PROBLEM:
All entries are to be printed again exactly, with their images omitted.

________

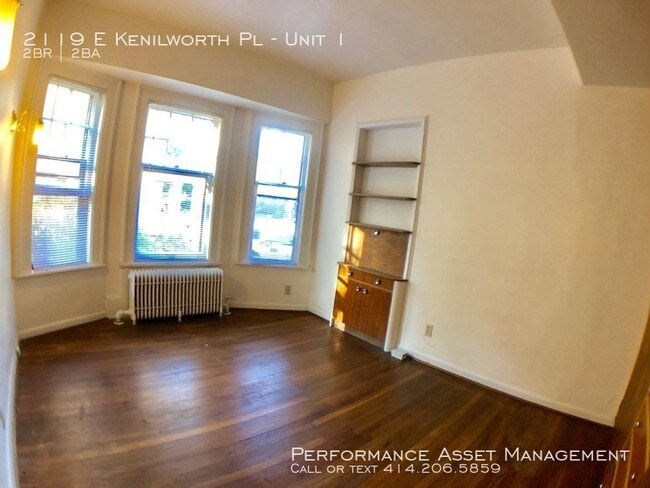 Building Photo - 2119 E Kenilworth Pl
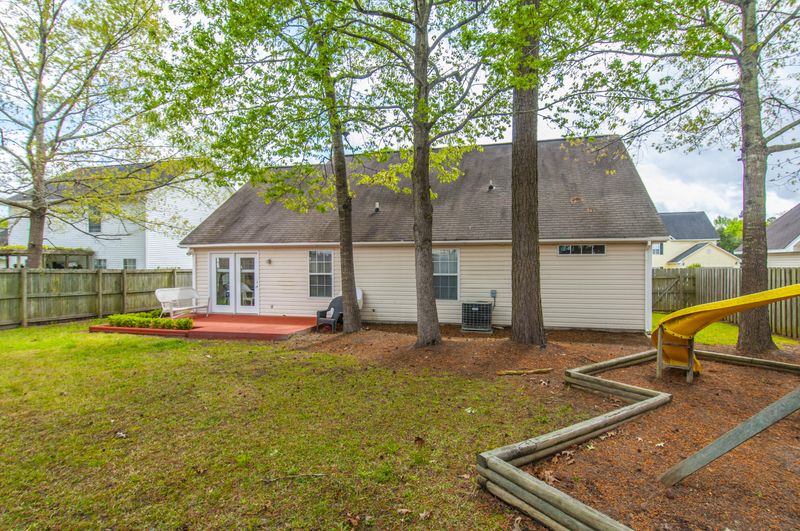 112 Egret Ln, Goose Creek, SC 29445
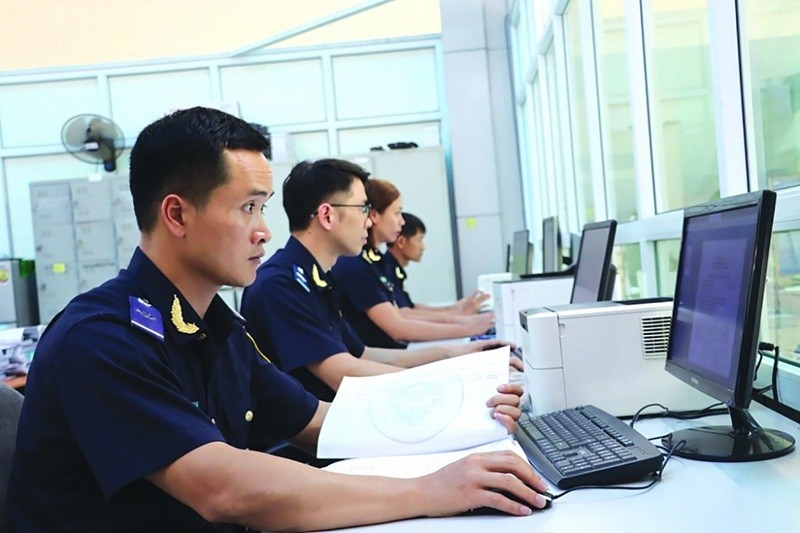 Cơ quan hải quan thường xuyên công bố thông tin các doanh nghiệp có nợ thuế quá hạn để thúc đẩy sự tuân thủ pháp luật của doanh nghiệp. (Ảnh tư liệu)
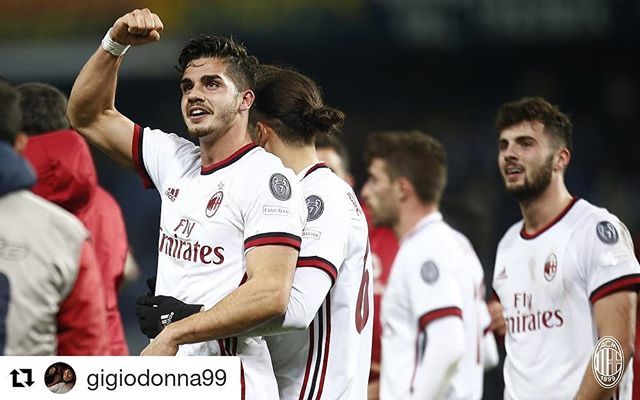 #Repost <a href="/gigiodonna99/">Gianluigi Donnarumma</a>
・・・
3⃣ punti importantissimi!!! Grande <a href="/andresilva9/">Andre Faria</a> e bravi tutti a crederci fino alla fine! 💪🔴⚫#weareacmilan <a href="/acmilan/">AC Milan</a> ift.tt/2p7ArzO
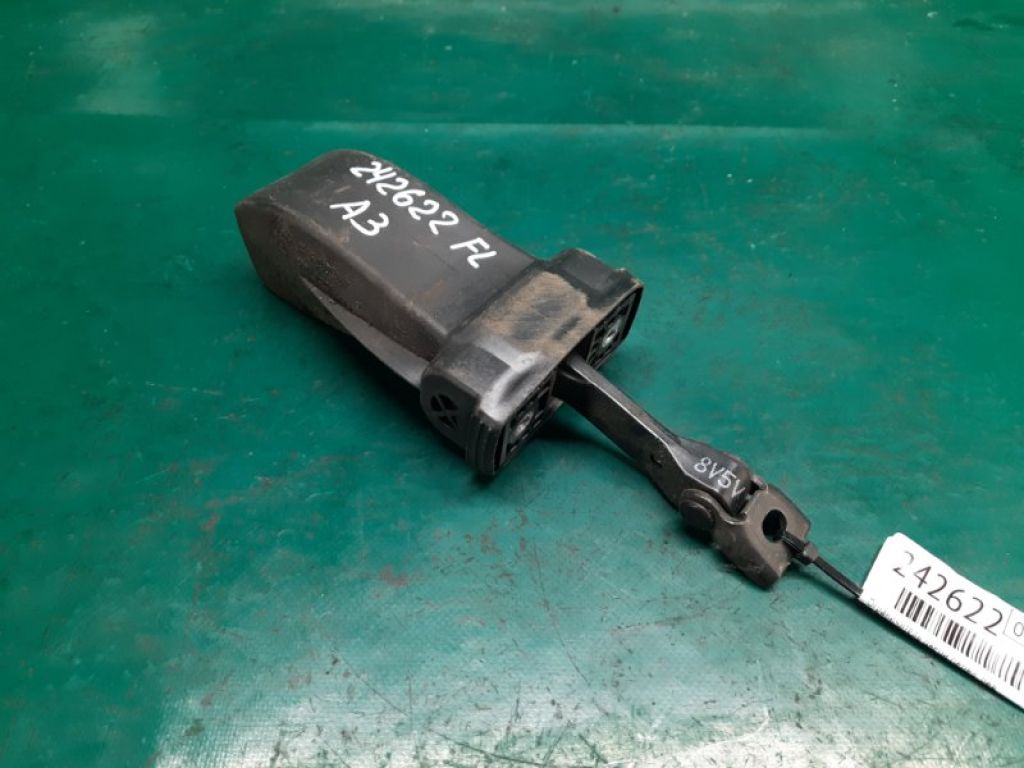 8V5 837 249 | Ограничитель двери передн. лев. AUDI A3 (8V) 12–17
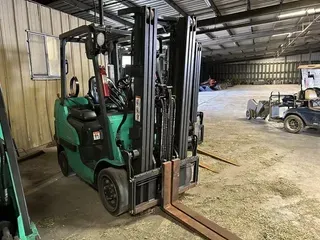 2019 MITSUBISHI FGC25N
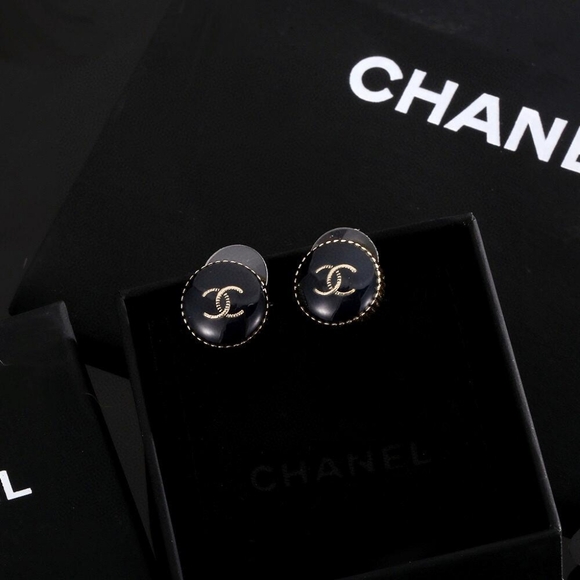 Chanel round earrings - Picture 3 of 6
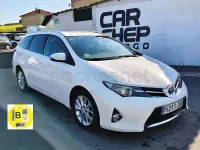 Usado Toyota Auris Active 124 CV (91 kW) 2015 Blanco Familiar
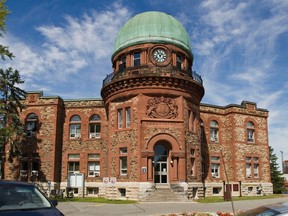 Surat hari ini: Tentang masa depan Observatorium Dominion Ottawa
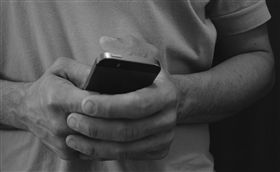 手機　傳簡訊
https://www.flickr.com/photos/v1ctor/14655975473/in/photolist-ok6GUi-3YnTp-7UiCaC-Xh7tx-4y8Lf5-7Ufnt2-77U3vr-fb3MTw-5WKzq6-fb3LKE-fb3N1J-fb3M7b-faNuWc-9SHHFU-a76kSH-64q3V3-faNuqD-s6njG-aWyiU8-4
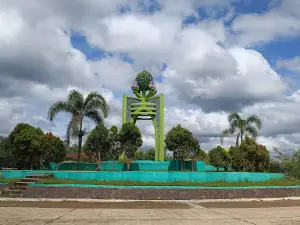 Monumen Durian dan Maritam
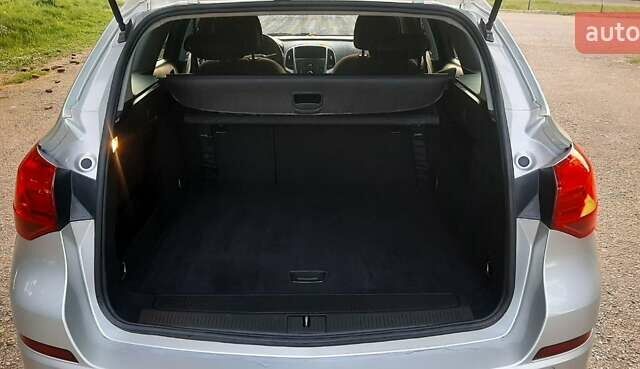 Серый Опель Астра, объемом двигателя 1.7 л и пробегом 248 тыс. км за 6950 $, фото 22 на Automoto.ua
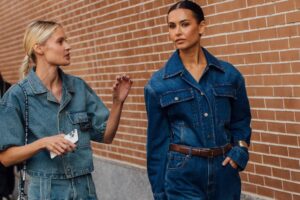 Ni chez Zara, ni chez Mango : j'ai trouvé chez Lefties l'ensemble en jean parfait pour bien s'habiller en pleine saison (et il se combine très bien avec des ballerines plates)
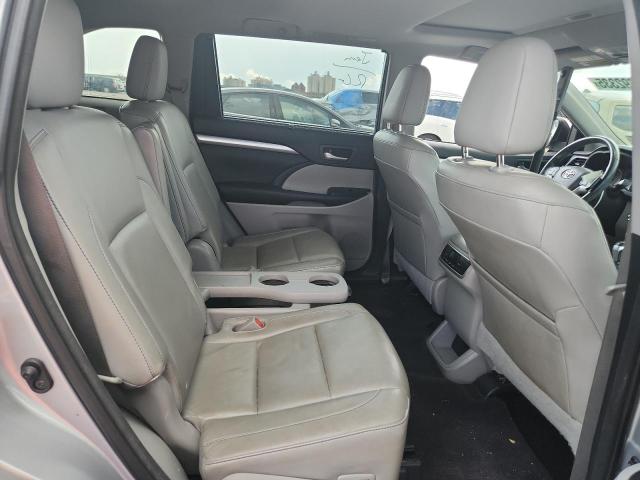 5TDKKRFH4FS091526 - 2015 TOYOTA HIGHLANDER XLE Արծաթագույն լուսանկար 10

________

ANSWER SPACE:
 Building Photo - 2119 E Kenilworth Pl
 112 Egret Ln, Goose Creek, SC 29445
 Cơ quan hải quan thường xuyên công bố thông tin các doanh nghiệp có nợ thuế quá hạn để thúc đẩy sự tuân thủ pháp luật của doanh nghiệp. (Ảnh tư liệu)
 #Repost <a href="/gigiodonna99/">Gianluigi Donnarumma</a>
・・・
3⃣ punti importantissimi!!! Grande <a href="/andresilva9/">Andre Faria</a> e bravi tutti a crederci fino alla fine! 💪🔴⚫#weareacmilan <a href="/acmilan/">AC Milan</a> ift.tt/2p7ArzO
 8V5 837 249 | Ограничитель двери передн. лев. AUDI A3 (8V) 12–17
 2019 MITSUBISHI FGC25N
 Chanel round earrings - Picture 3 of 6
 Usado Toyota Auris Active 124 CV (91 kW) 2015 Blanco Familiar
 Surat hari ini: Tentang masa depan Observatorium Dominion Ottawa
 手機　傳簡訊
https://www.flickr.com/photos/v1ctor/14655975473/in/photolist-ok6GUi-3YnTp-7UiCaC-Xh7tx-4y8Lf5-7Ufnt2-77U3vr-fb3MTw-5WKzq6-fb3LKE-fb3N1J-fb3M7b-faNuWc-9SHHFU-a76kSH-64q3V3-faNuqD-s6njG-aWyiU8-4
 Monumen Durian dan Maritam
 Серый Опель Астра, объемом двигателя 1.7 л и пробегом 248 тыс. км за 6950 $, фото 22 на Automoto.ua
 Ni chez Zara, ni chez Mango : j'ai trouvé chez Lefties l'ensemble en jean parfait pour bien s'habiller en pleine saison (et il se combine très bien avec des ballerines plates)
 5TDKKRFH4FS091526 - 2015 TOYOTA HIGHLANDER XLE Արծաթագույն լուսանկար 10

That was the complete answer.